Sen. Bob Corker continued to predict a U.S. strike against Syria on Monday, appearing on two morning news shows to discuss growing pressure for an international response to the recent use of chemical weapons in the conflict.
Commenting on MSNBC's "Morning Joe," Corker, who is ranking member on the Senate Foreign Relations Committee, said he thought the regime of Syrian President Bashar al-Assad was responsible for the attack, which reportedly killed hundreds of Syrians in areas near the capital of Damascus.
"I think a response is imminent," the senator said, appearing via satellite feed from a Chattanooga news station. "I talked last evening with the [White House] Situation Room, and I think obviously we're building support with our NATO allies, our assets are in place, and I don't think there's any question in our administration's mind that chemical warfare has been used. And so I hope they come to Congress for an authorization at some point, but I think you're going to see a surgical and proportional strike against the Assad regime for what they've done, and I support that."
Corker added his thought that any U.S. response should not interfere with policies already adopted regarding the conflict, such as its recent decision to provide lethal aid to "vetted," moderate Syrian rebel groups.
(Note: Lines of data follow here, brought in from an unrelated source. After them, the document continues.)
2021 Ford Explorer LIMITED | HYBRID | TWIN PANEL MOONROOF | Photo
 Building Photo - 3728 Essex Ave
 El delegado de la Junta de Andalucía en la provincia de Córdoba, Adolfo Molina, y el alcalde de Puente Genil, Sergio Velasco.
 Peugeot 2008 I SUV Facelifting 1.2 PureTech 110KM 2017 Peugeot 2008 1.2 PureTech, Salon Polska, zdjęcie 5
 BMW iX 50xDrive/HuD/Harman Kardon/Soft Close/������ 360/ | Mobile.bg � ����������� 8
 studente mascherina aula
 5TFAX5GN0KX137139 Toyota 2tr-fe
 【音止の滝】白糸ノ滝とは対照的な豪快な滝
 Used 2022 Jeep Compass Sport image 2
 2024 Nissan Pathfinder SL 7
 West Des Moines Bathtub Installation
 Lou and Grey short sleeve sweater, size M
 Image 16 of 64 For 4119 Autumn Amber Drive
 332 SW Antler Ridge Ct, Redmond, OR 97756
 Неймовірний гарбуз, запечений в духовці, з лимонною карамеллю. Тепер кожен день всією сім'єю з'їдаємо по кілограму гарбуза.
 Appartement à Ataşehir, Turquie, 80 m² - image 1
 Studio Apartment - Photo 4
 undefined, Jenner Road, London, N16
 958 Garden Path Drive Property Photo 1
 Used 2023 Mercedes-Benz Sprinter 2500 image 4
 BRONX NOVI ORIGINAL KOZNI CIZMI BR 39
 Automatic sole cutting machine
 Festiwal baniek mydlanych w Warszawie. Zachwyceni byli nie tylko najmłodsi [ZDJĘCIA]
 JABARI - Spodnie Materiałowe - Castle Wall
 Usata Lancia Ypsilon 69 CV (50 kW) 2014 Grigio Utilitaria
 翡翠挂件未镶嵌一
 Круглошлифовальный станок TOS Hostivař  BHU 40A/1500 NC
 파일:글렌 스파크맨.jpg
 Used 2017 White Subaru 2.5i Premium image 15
Appearing on NBC's "The Today Show," Corker said he hoped the current U.S. policy of assisting opposition forces would continue, even if a strike occurs.
"I don't want us to get involved in such a way that we change that dynamic on the ground," he said.
The senator and former Chattanooga mayor also expressed hope that any U.S. action would be carried out in a way that avoided the possibility of becoming "mired in a conflict."
"I think we can get that right without getting us mired in a conflict, which is obviously something we do not want to do," he said.